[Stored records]
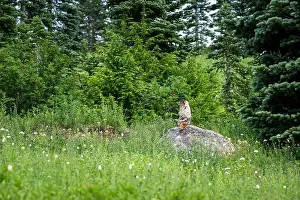 In The Wild Prints: Hoary Marmot sitting upright on a rock and looking out to the side across a subalpine meadow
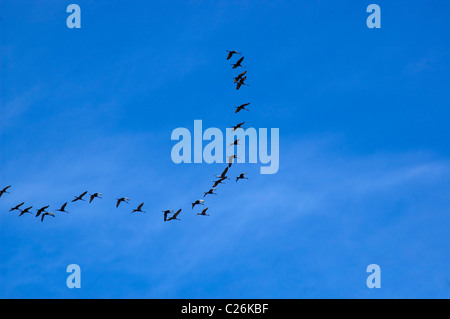 Gru sandhill volare in formazione su North Florida Foto Stock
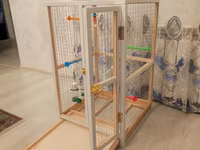 Papuqay,dovşan,hamster,şinşila,bildirçin,cücə,xamyak,pişik,quş,tısbağa — photo 1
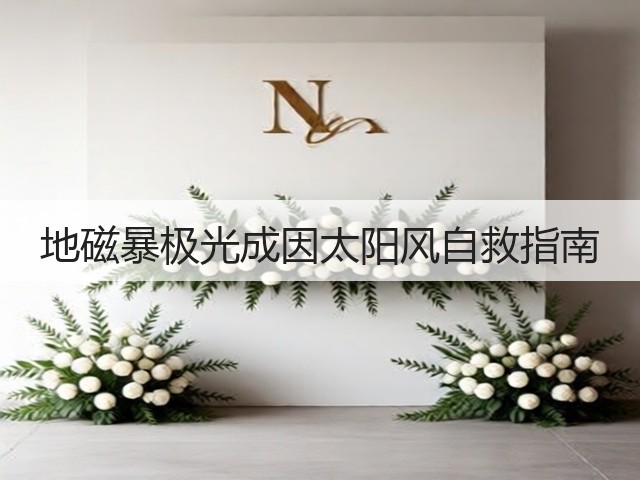 地磁暴极光成因太阳风自救指南(图2) 地磁暴极光成因太阳风自救指南(图2)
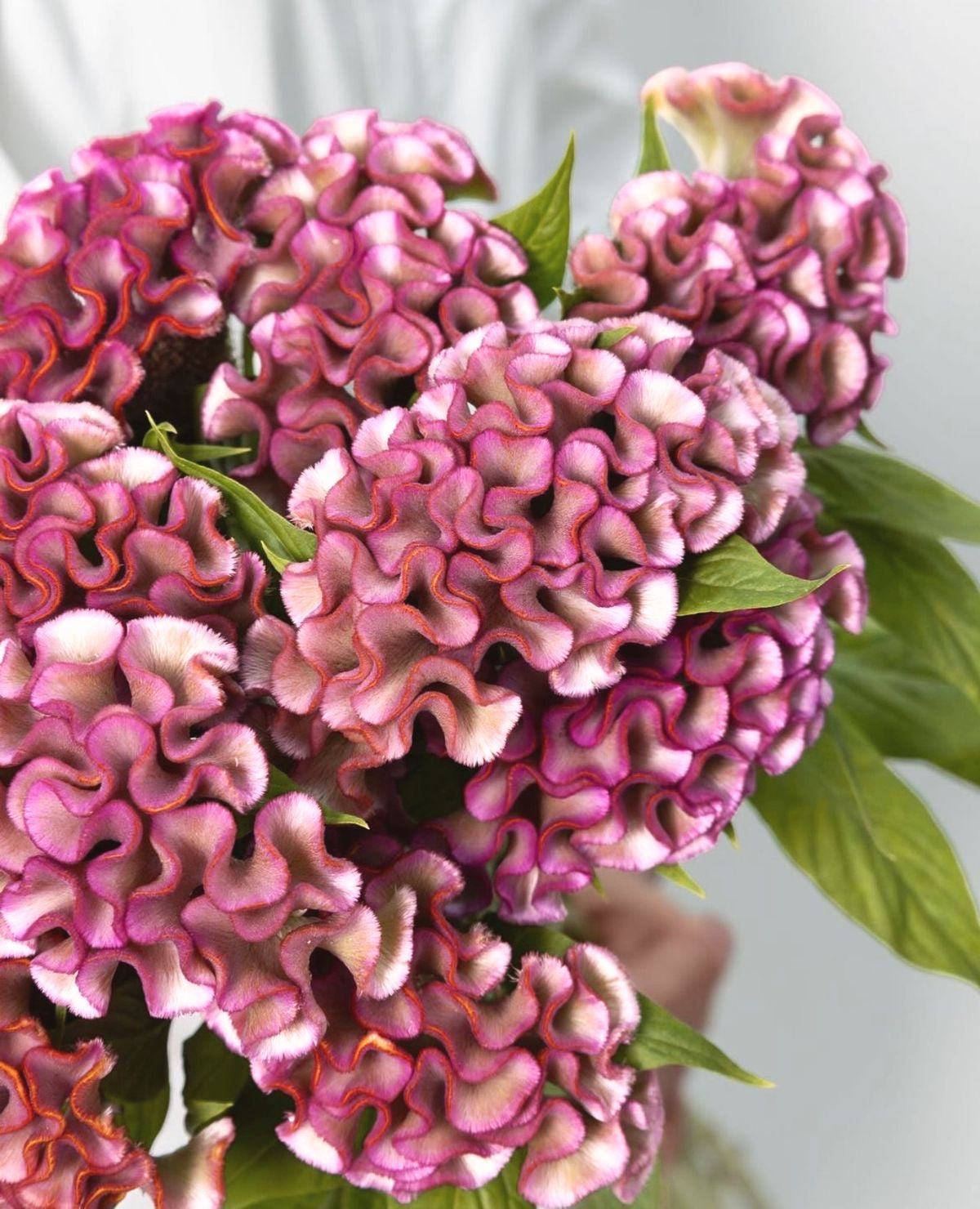 Close-up of pink and purple flowers with green leaves on a blurred background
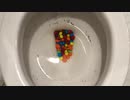 M&M'sとスライムをトイレに流してみた２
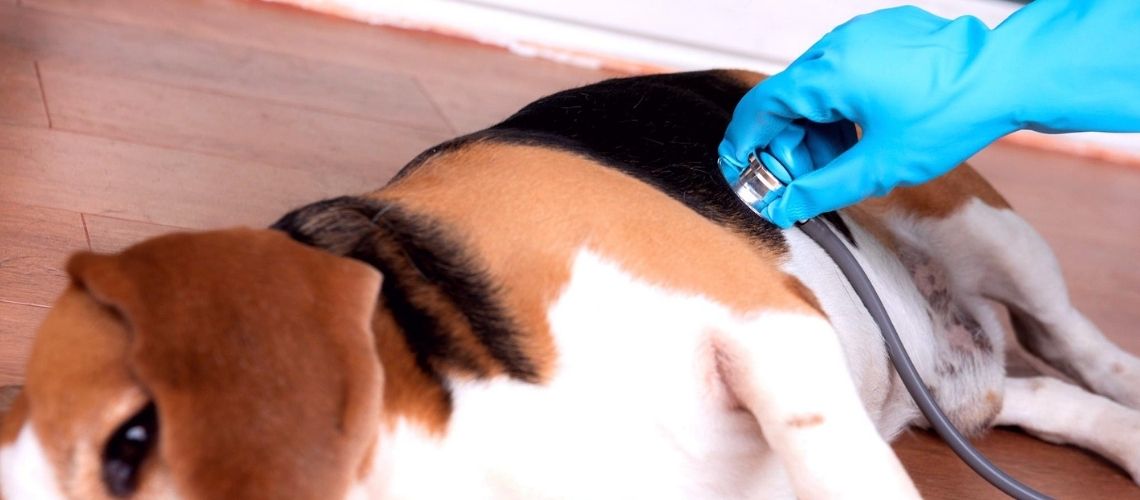 torsión gástrica en perros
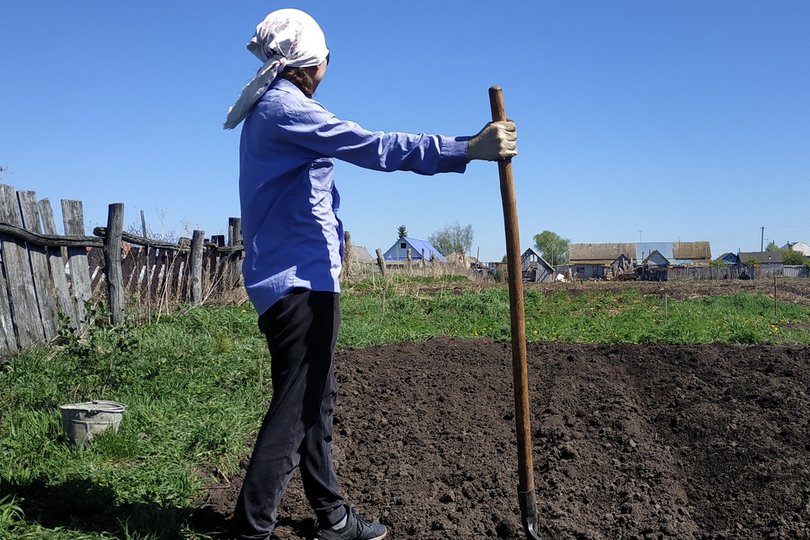 В Башкирии вступил в силу закон о господдержке садоводов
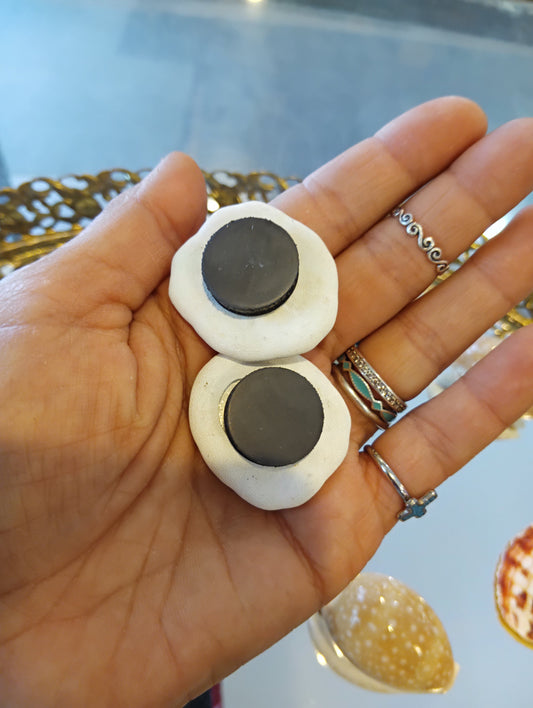 Genuine Seashell Magnets – Handmade Coastal Refrigerator Decor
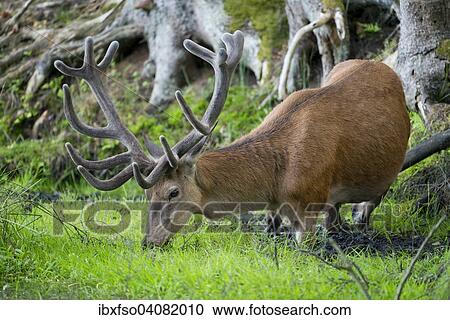 "Red Deer (Cervus elaphus) in Velvet, grazing, captive, Lower Saxony, Germany, Europe" View Large Photo Image Stock Image - "Red Deer (Cervus elaphus) in Velvet, grazing, captive, Lower Saxony, Germany, Europe". Fotosearch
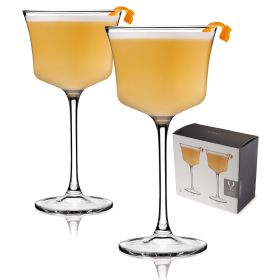 Raye Crystal Sour Glasses Viski® (Set of 2)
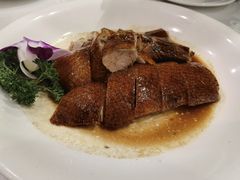 -凤城·食都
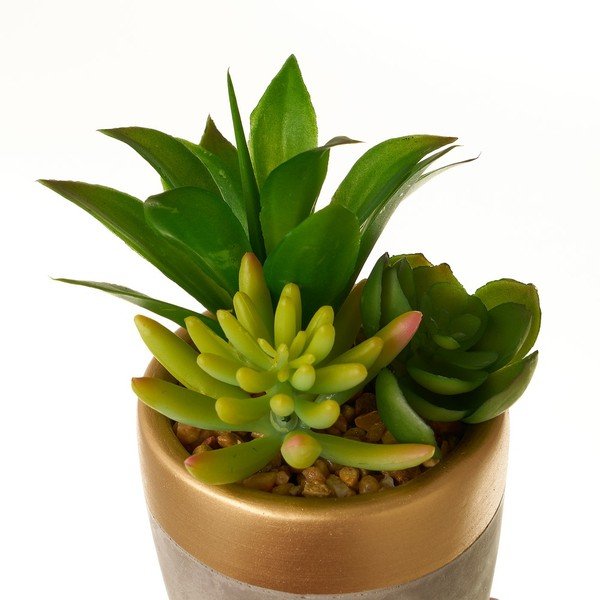 Kunsttaimed komplektis 4 tk (kõrgus 17 cm) Cactus – Casa Selección-image-4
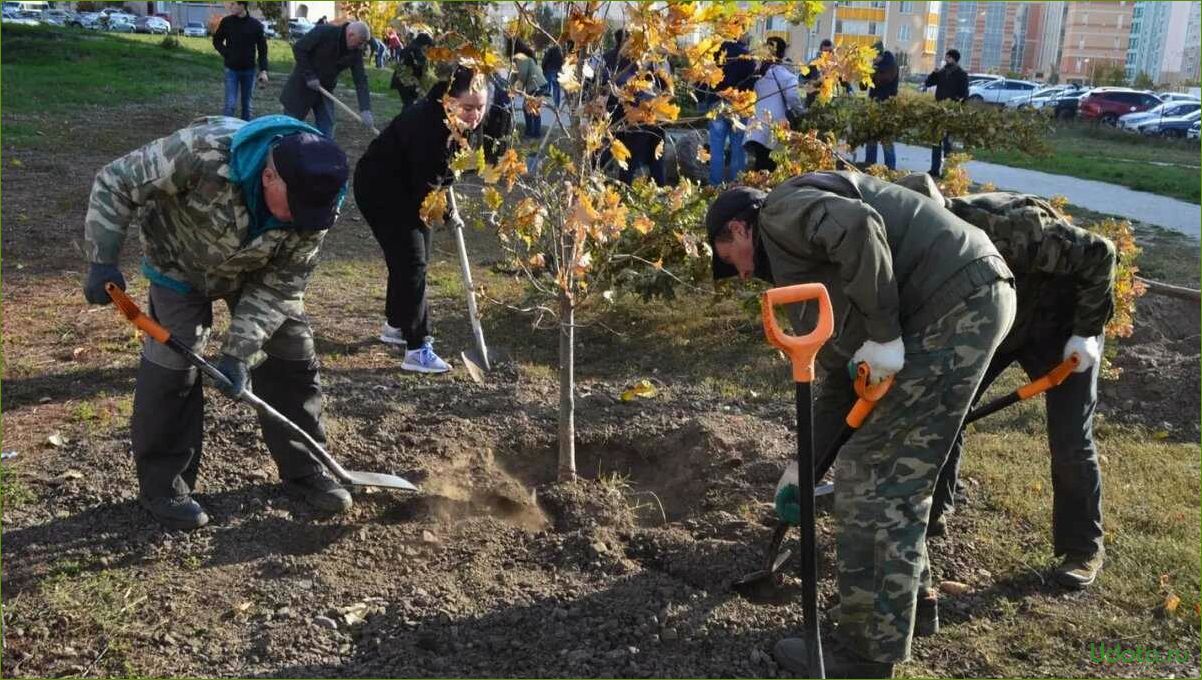 Осенняя посадка деревьев, кустарников и цветов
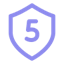 Shield five icon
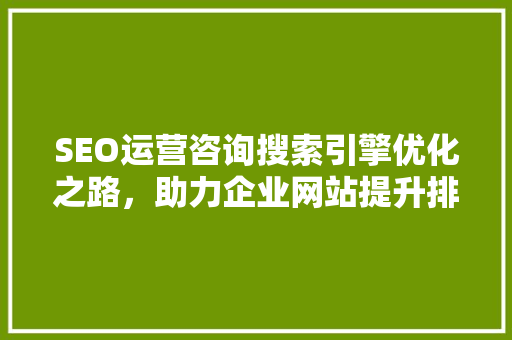 SEO运营咨询搜索引擎优化之路，助力企业网站提升排名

### YOUR GOAL
Please repeat each record exactly and keep every picture out of the copy.

### ANSWER TO THIS TASK
 In The Wild Prints: Hoary Marmot sitting upright on a rock and looking out to the side across a subalpine meadow
 Gru sandhill volare in formazione su North Florida Foto Stock
 Papuqay,dovşan,hamster,şinşila,bildirçin,cücə,xamyak,pişik,quş,tısbağa — photo 1
 地磁暴极光成因太阳风自救指南(图2) 地磁暴极光成因太阳风自救指南(图2)
 Close-up of pink and purple flowers with green leaves on a blurred background
 M&M'sとスライムをトイレに流してみた２
 torsión gástrica en perros
 В Башкирии вступил в силу закон о господдержке садоводов
 Genuine Seashell Magnets – Handmade Coastal Refrigerator Decor
 "Red Deer (Cervus elaphus) in Velvet, grazing, captive, Lower Saxony, Germany, Europe" View Large Photo Image Stock Image - "Red Deer (Cervus elaphus) in Velvet, grazing, captive, Lower Saxony, Germany, Europe". Fotosearch
 Raye Crystal Sour Glasses Viski® (Set of 2)
 -凤城·食都
 Kunsttaimed komplektis 4 tk (kõrgus 17 cm) Cactus – Casa Selección-image-4
 Осенняя посадка деревьев, кустарников и цветов
 Shield five icon
 SEO运营咨询搜索引擎优化之路，助力企业网站提升排名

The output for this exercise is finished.